Generative AI is driving a massive transformation across the organisation, democratising intelligence much like the internet democratised information. Our supplier interactions are now facilitated by generative AI chatbots, enabling seamless tracking of invoice statuses. In manufacturing, we have leveraged 15 years of best practices, enabling mill operators to access process insights and operational details through generative AI chatbots.
In marketing, generative AI empowers our teams to create product campaigns, social media content, and brand materials, including creative copies, images, and videos. It also supports sentiment analysis, helping us understand customer perceptions and identify areas for innovation.
Tell us about your Bengaluru-based innovation centre. How will it grow in the coming years?
The digital transformation we discussed highlights the critical role of cloud and digital talent within our organisation, particularly in our Bengaluru-based Global Digital Technology Centre (GDTC), established in 2018.
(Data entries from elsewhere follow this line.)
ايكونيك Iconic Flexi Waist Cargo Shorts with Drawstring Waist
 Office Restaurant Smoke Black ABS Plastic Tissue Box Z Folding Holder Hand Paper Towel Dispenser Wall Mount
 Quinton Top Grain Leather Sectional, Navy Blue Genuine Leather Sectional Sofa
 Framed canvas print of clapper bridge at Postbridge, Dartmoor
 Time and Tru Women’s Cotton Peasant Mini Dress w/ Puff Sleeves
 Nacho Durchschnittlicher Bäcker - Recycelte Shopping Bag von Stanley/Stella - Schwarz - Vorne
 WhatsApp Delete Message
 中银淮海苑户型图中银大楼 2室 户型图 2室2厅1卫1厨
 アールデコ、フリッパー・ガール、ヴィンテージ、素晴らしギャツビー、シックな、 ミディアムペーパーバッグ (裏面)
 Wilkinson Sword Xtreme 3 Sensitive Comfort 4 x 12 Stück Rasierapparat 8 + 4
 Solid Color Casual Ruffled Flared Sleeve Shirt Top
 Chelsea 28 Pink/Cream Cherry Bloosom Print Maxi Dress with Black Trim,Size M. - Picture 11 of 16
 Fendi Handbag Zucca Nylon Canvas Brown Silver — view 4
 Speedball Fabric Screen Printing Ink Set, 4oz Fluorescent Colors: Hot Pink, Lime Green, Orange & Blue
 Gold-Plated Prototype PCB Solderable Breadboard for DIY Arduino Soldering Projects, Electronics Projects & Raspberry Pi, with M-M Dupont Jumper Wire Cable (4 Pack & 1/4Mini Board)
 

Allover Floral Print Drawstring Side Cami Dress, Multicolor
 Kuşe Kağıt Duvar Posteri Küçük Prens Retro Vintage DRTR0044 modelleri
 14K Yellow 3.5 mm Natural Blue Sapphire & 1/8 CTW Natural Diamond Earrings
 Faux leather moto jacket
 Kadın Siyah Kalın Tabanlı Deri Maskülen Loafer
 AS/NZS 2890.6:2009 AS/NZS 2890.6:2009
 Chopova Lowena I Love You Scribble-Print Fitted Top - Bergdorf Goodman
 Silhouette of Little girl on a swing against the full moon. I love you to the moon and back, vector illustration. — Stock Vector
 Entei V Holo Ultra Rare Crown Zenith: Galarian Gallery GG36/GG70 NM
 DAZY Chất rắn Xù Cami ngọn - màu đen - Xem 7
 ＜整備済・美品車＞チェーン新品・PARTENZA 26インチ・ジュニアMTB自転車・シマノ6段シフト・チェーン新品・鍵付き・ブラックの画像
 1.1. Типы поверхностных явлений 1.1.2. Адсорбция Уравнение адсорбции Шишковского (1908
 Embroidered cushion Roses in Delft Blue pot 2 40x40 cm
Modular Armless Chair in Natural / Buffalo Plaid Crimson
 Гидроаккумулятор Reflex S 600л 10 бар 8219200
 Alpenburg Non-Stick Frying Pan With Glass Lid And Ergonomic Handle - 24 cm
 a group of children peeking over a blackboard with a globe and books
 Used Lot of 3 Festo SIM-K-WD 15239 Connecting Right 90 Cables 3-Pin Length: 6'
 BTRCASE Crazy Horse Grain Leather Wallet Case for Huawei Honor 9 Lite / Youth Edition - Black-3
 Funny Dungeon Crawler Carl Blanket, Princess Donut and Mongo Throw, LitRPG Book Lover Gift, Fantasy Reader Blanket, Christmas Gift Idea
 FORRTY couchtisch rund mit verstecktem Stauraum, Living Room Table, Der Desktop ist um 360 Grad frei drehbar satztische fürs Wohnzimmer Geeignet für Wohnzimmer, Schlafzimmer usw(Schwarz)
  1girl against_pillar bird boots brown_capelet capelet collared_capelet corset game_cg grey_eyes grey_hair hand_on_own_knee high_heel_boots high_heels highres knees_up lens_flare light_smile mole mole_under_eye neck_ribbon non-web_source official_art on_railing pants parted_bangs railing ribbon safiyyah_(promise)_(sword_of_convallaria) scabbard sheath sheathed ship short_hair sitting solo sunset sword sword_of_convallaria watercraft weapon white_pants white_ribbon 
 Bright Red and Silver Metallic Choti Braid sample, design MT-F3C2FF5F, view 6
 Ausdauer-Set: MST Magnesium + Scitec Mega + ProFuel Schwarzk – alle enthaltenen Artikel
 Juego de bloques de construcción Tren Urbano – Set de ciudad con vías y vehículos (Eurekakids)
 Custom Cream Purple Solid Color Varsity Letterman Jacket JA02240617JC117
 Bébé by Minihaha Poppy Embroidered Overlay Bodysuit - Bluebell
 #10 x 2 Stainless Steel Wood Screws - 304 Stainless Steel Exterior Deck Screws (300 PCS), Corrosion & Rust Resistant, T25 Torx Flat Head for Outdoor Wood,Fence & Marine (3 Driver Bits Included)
Over the past five years, the India GDTC has grown eightfold and now houses top-tier talent, including cloud specialists, software and data engineers, data scientists, Scrum Masters, RPA engineers, and SAP experts. This investment is pivotal to our digital transformation, positioning the India GDTC not just as a global capability centre but as a hub for future innovation. Today, 40% of our global technology workforce is based at GDTC, and we have further plans to expand in India.
We have established diverse hiring pipelines to build a robust engineering talent pool at every level of the organisational ladder. Our approach includes active campus recruitment and internships to nurture fresh talent, complemented by an in-house Digital University that equips engineers with future-ready skills. This training ecosystem offers courses on cloud computing, Python coding, DevOps, and Robotic Process Automation (RPA), fostering continuous learning and upskilling. By integrating fresh graduates, training programmes, and seasoned leaders, we are building a future-ready engineering workforce.